### Data shown:
*** Begin section ***
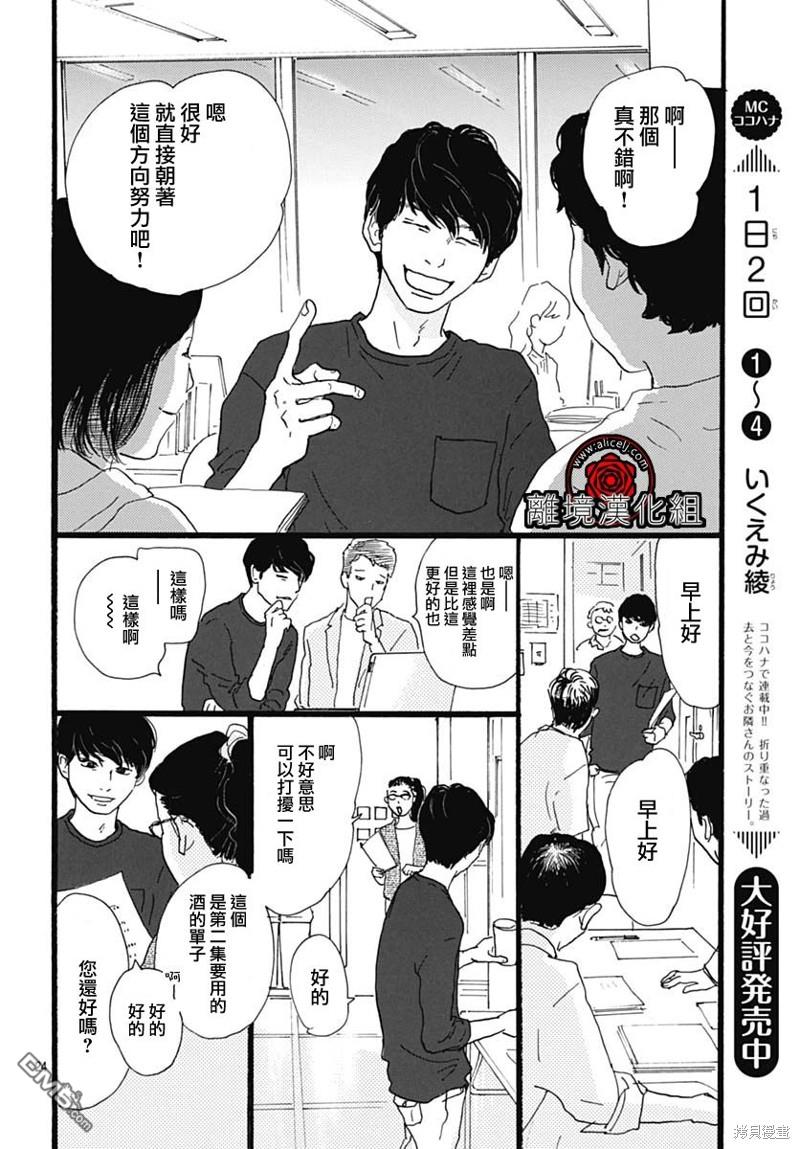 Rose Rosey Roseful BUD 第23话 第24页
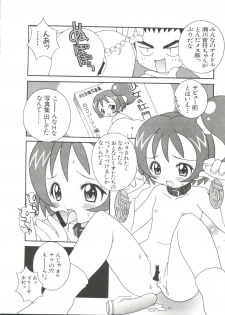 [Anthology] 3 nen 2 Kumi Maho Gumi!! 2 (Ojamajo Doremi) - page 10
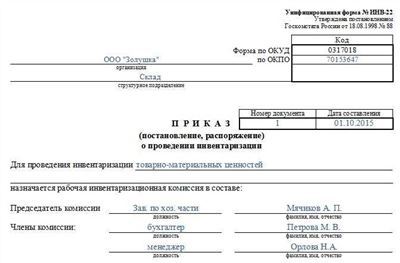 Зачем списывать «кредиторку»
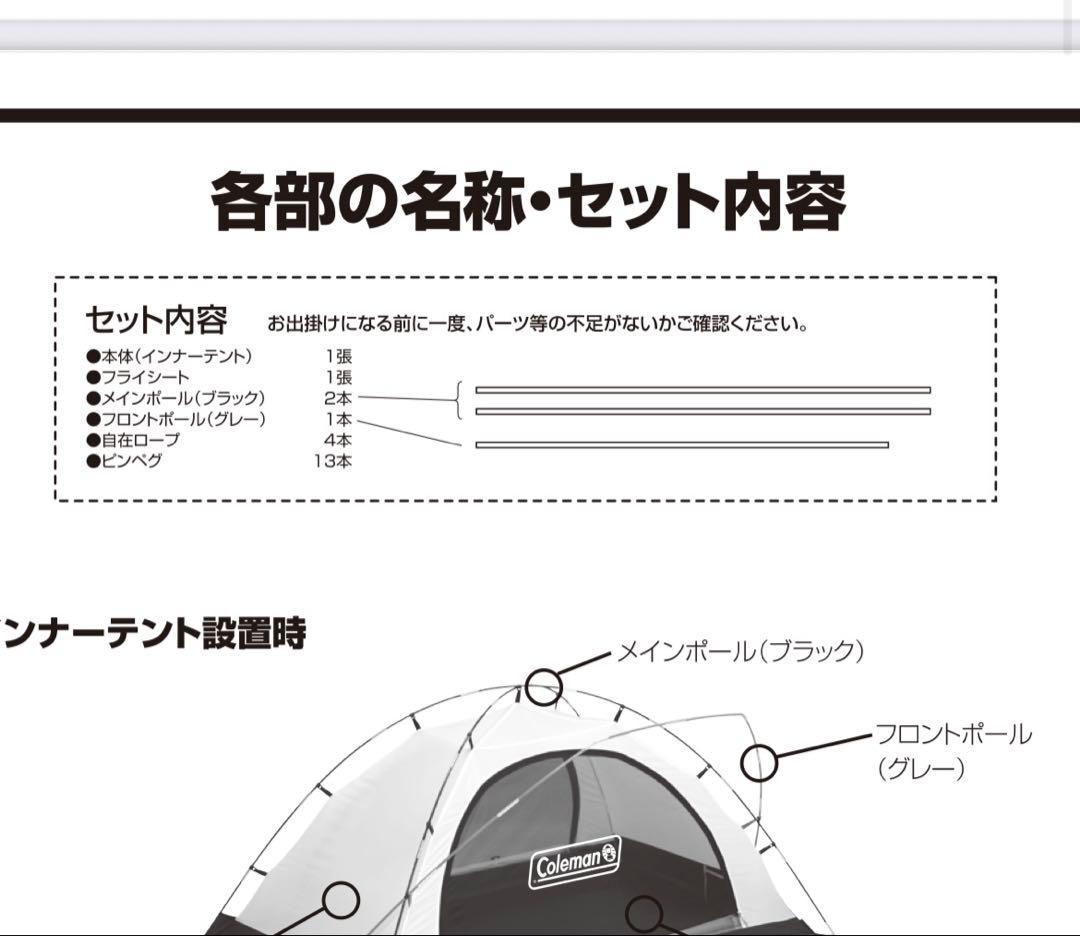 コンパクトツーリングテント ST コールマン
*** End section ***
### Task to complete:
Could the material above be given again exactly, pictures excluded?

### Answer to this exercise:
 Rose Rosey Roseful BUD 第23话 第24页
 [Anthology] 3 nen 2 Kumi Maho Gumi!! 2 (Ojamajo Doremi) - page 10
 Зачем списывать «кредиторку»
 コンパクトツーリングテント ST コールマン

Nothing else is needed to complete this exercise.